● **TASK**:
Give again, word for word, each line below starting at the one that contains "Poster Jesus Walking" and ending at the one that contains "Ensemble de meuble-lavabo".

== MATERIALS PROVIDED

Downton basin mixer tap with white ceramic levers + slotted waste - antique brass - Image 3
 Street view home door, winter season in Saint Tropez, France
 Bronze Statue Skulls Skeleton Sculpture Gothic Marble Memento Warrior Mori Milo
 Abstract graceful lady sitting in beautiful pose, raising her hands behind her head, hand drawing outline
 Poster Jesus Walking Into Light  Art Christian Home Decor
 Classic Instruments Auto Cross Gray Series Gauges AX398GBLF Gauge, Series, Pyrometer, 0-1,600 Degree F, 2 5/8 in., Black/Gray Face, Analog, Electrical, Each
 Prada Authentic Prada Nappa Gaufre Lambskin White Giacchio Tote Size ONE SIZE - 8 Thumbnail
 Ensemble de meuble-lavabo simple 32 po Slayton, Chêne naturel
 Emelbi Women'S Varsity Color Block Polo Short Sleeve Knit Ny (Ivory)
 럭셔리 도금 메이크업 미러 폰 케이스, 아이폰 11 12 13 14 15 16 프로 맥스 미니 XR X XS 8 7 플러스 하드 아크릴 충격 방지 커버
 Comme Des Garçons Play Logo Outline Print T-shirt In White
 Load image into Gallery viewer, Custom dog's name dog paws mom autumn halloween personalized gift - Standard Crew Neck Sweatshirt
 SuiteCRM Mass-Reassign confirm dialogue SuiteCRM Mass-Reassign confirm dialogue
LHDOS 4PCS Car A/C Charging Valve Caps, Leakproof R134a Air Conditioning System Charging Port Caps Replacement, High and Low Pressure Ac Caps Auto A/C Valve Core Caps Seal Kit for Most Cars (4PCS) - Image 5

====

● **WRITTEN RESPONSE**:
 Poster Jesus Walking Into Light  Art Christian Home Decor
 Classic Instruments Auto Cross Gray Series Gauges AX398GBLF Gauge, Series, Pyrometer, 0-1,600 Degree F, 2 5/8 in., Black/Gray Face, Analog, Electrical, Each
 Prada Authentic Prada Nappa Gaufre Lambskin White Giacchio Tote Size ONE SIZE - 8 Thumbnail
 Ensemble de meuble-lavabo simple 32 po Slayton, Chêne naturel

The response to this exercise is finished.